**The task**
Return each line of the listing exactly, though without its images.

**Extracted entries**
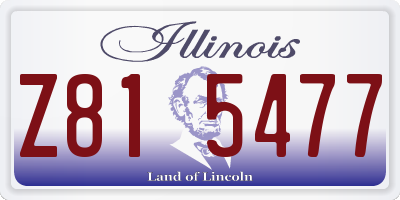 IL license plate Z815477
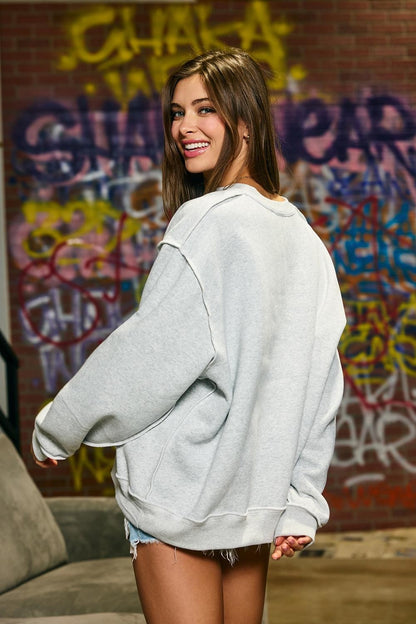 PREORDER: Kentucky Split Neck Sweatshirt (EARLY AUGUST)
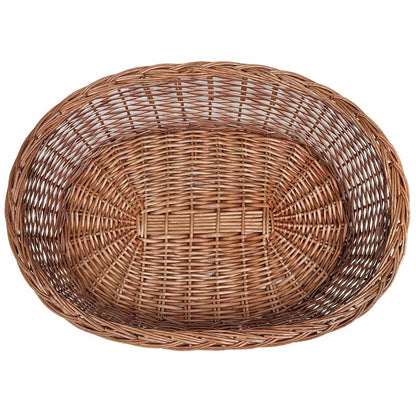 Willow Dog Basket/Pet Bed Natural 90 cm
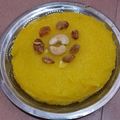 Magideepan's cooksnap of when they made கேசரி பாத் (Kesari bath recipe in tamil).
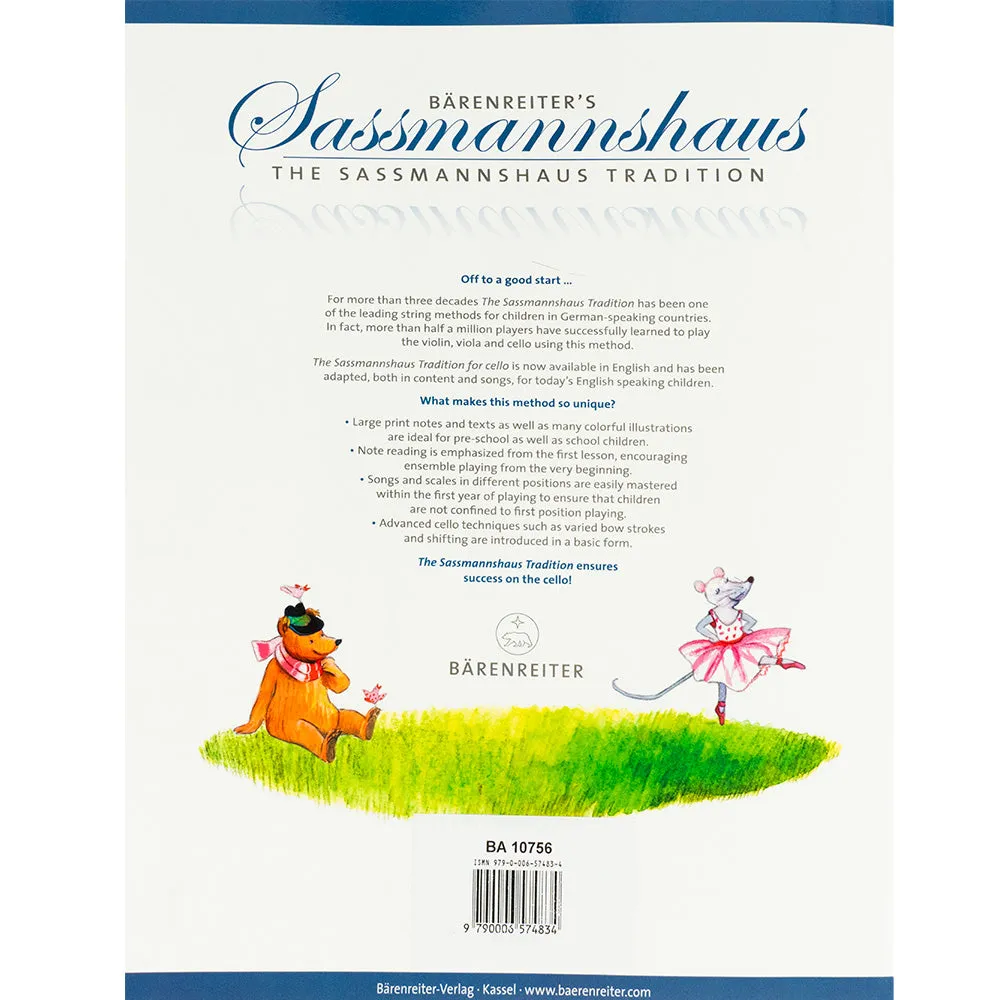 Shar Music Sassmannshaus Early Start Cello 1 Celloschule Kinder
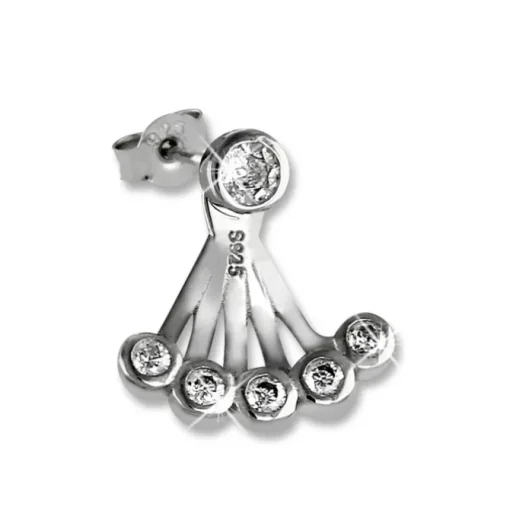 SilberDream Ohrstecker Dangle Ear Cuff Rund Zirkonia 925 Silber Ohrringe GSO500W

**Exercise answer**
 IL license plate Z815477
 PREORDER: Kentucky Split Neck Sweatshirt (EARLY AUGUST)
 Willow Dog Basket/Pet Bed Natural 90 cm
 Magideepan's cooksnap of when they made கேசரி பாத் (Kesari bath recipe in tamil).
 Shar Music Sassmannshaus Early Start Cello 1 Celloschule Kinder
 SilberDream Ohrstecker Dangle Ear Cuff Rund Zirkonia 925 Silber Ohrringe GSO500W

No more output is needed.